しかもその規則性から外れた人間は、徐々に天使が見えなくなる。」



「ええっ、ほんとですか!?」

「これでもだいぶ調査したのよ、当たってると思うわ。」





‥僕はグラフと数字と曜日をじっと見つめてみた。

・・・・暗号?何かの暗号だろうか?







極楽地獄にアクセスするための、パスワード・・?







「それでね、行ってみたの。」
唐突にNが話を切り出す。



「・・どこにです?」


「・・唯一、極楽地獄を見たって人間のところ。」

「えっっ! ‥そ、それで、どうだったんですか‥?」


Nはふと黙った。ほこりにまみれ、ヒビの入った古いガラスの窓の向こうを見つめる。
どんよりと曇った空・・。

積乱雲が渦を巻いて荒々しく蠢き、今にも雨が降り出しそうだ。



「なにか来そうですね。」
ヴァイオレットの言葉でふと我に返り、Nが続きを話し出した。




「いなかったのよ、どこにも。」

「・・・え?」



「極楽地獄を見たって人間、ある日突然どこにもいなくなっていた。」

「ええええっ・・ちょ・・っとなんかこわいんですけど・・。」

「・・あんた男のくせにビビりなのね。」

そう言われてちょっとムッとするヴァイオレット。

Nのことばは率直で飾り気がない。
それ故時折すっと芯をつくように入ってくるものがあった。




「あの子、極楽地獄を見たって人間、元々重い病気だったのに、
死を迎えても、天界には来なかったの。
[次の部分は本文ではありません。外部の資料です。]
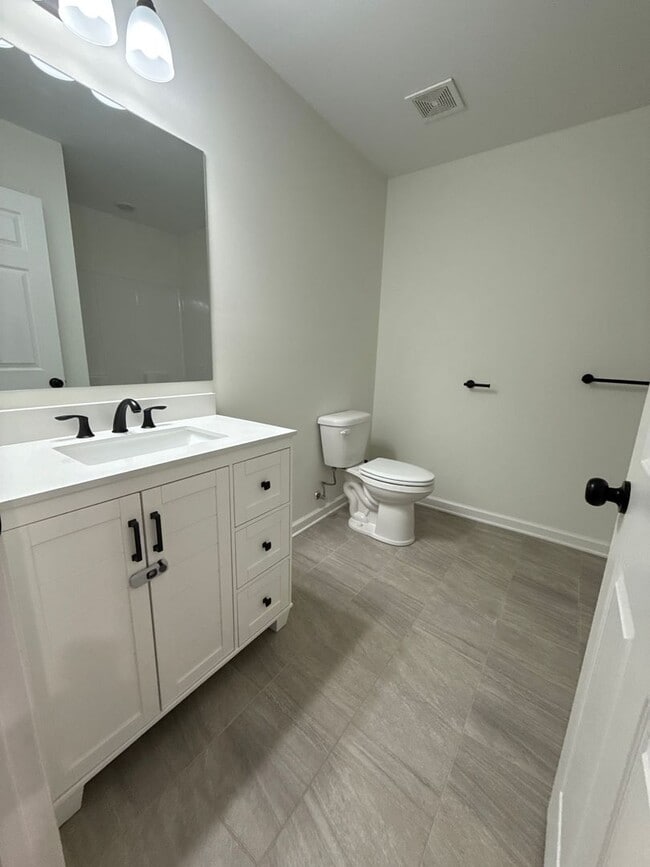 Building Photo - Beautiful ranch home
」



「・・地獄に行ったんですか?」



「あんたの弟、ダンテが人間の裁きに関わってるのは知ってる?」

「え・・あまり、ダンテの仕事のことは教えてくれないから…。」



「人間が天国へ行くか地獄へいくかは天界側が管轄している領域なの、
天界側が把握しないまま直接地獄へ行くなんてありえない。悪魔に取り憑かれてでもなきゃ。」

悪魔・・・そう聞いてふと、自分の影を見つめてしまう僕がいた。





「あんた、ヴァイオレット君なら魔界にも行けるんでしょ?
なら調べてきてくれない?
魔界に極楽地獄を見た人間がいるかどうか!」

他人ごとと思ってただ何となく聞いていた話の内容が、
唐突に自分の方に降りかかり、ヴァイオレットは反応に困った。



「・・ねぇ、どうなのよ、調べてきてくれないの?」

Nに畳みかけられるように言い寄られる。



「いっ・・・行きます。」

「ほんとね?」


「・・は・・はい。」

頼りなく、限りなく小さな呟きにも近い弱々しい返事。
ヴァイオレットはNの気迫の前に、ただ頷くしかなかった。